Physical interactions between Oct25 and FAST1, Smad2, or XWBSCR11. A, GST pull-down assays reveal that Oct25 interacts with FAST1 (and vice versa), XWBSCR11, and Smad2. B, in transfected cells, Flag-tagged Oct25 formed complexes with HA-tagged Smad2, XWBSCR11, or FAST1 as displayed by precipitation with an anti-HA antibody.

FIGURE 3.

In vitro binding of Oct25 to Gsc and Mix2 promoters. A, increasing amounts of a GST-tagged XWBSCR11 fusion protein bind to an oligonucleotide containing the DE of the Gsc promoter (position -239 to -198), while GST itself does not show any binding. B, increasing amounts of Oct25 and GST-XWBSCR11 form a complex on the DE as displayed by a supershift. C, FAST1 specifically binds to an oligonucleotide containing the PE of the Gsc promoter (position -145 to -98) with a FAST1 binding motif. D, Oct25 forms a complex with FAST1 on the PE as revealed by supershifts. E, Oct25 binds to an oligonucleotide (position -1034 to -989) of the Gsc promoter containing an octamer-like motif. F, incubation of this region of the Gsc promoter with Oct25 and increasing amounts of GST-FAST1 fusion protein leads to a supershift. G, FAST1 interacts with the ARE of the Mix2 promoter (position -215 to -166) that contains a FAST1 binding motif. H, supershift generated with GST-FAST1 and increasing amounts of Oct25. The sequences corresponding to the regions of Gsc and Mix2 promoters used for EMSA and supershift assays are listed below each panel and protein binding motifs for FAST1 or Oct25 are boxed. The arrows denote supershifting.

FIGURE 4.

In vivo interaction of Oct25 to Gsc and Mix2 promoters. A, ChIP assays demonstrate that Gsc promoter regions containing either the Oct25 binding site (Gsc-A) or containing the DE and PE (Gsc-B) as well as the Mix2 promoter region spanning the ARE were amplified from chromatin precipitated by an Oct25 antibody. This amplification failed in the absence of antibody (no Ab). B, when Oct25 translation was blocked by Oct25MO, PCR products for Gsc and Mix2 promoter regions were reduced as compared with ctrlMO injections.

FIGURE 5.

Gsc promoter assays.
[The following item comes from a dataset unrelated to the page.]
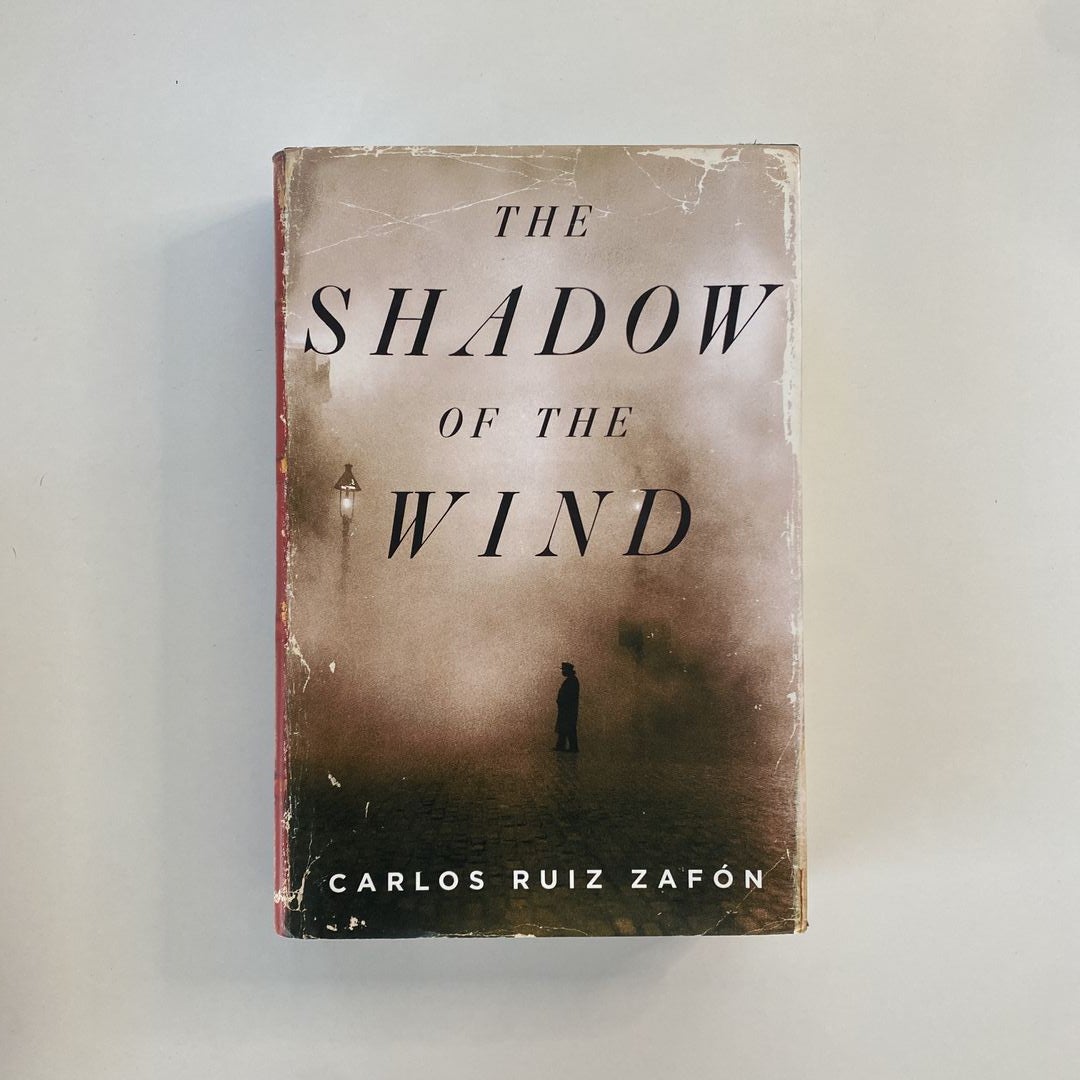 The Watcher in the Shadows by Carlos Ruiz Zafon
A, diagram depicting the generation of Gsc promoter-luciferase reporter constructs. B, Oct25 represses Gsc -1500/+3 promoter activities stimulated by overexpression of Xnr1, Smad2, or by incubation with activin A protein. C and D, the same effect is observed for truncated promoters -479/+3(C) and -226/+3(D). E, VP16-XWBSCR11 alone or together with FAST1 stimulates an artificial reporter for DE, which is then repressed by Oct25.

FIGURE 6.

Mix2 promoter assays. A and B, Oct25 inhibits Mix2 -712/+13 promoter activity stimulated not only by overexpression of the ligand of nodal signaling, Xnr1 or Xnr5 (A), but also by overexpression of the transducers, Smad2 and/or FAST1 (B). C and D, Oct25 shows a repressive effect on the truncated Mix2 promoters -457/+13 (C) and -221/+13 (D), which are stimulated by Smad2 and/or FAST1.

FIGURE 7.

Analysis of Oct25 VP16 and EVE fusions on promoter activity and mesendoderm formation. A, wild-type Oct25 and VP16-Oct25 stimulate in contrast to EVE-Oct25 an artificial octamer reporter, suggesting that Oct25 is a transcriptional activator with regard to its octamer binding property. B, the controls demonstrate that stimulation is not due to the pGL3 vector, to which the octamer motifs were ligated. C and D, both Oct25 and VP16-Oct25 reveal repressive effect on Gsc (C) and Mix2 (D) promoters. E, stimulation of octamer reporter by VP16-Oct25 is inhibited by FAST1. F and G, either or revealed inhibition of Xbra (F) and Xsox17α (G), while in controls, the VP16 alone had no effect and EVE alone had weak effect on the expression of the two genes.

FIGURE 8.

Inhibition of HDAC activity did not alter the inhibitory effect of Oct25 on Gsc and Mix2. A, Gsc expression in wild-type gastrulae. B, circular expression of Gsc in TSA-treated embryos. C, dorsal injection of Oct25 mRNA leads to the disappearance of Gsc expression at the dorsal side in TSA-treated embryos. D and E, Mix2 showed similar expression in control (D) or TSA (E)-treated embryos. F, Oct25 overexpression leads to an inhibition of Mix2 expression in TSA-treated embryos.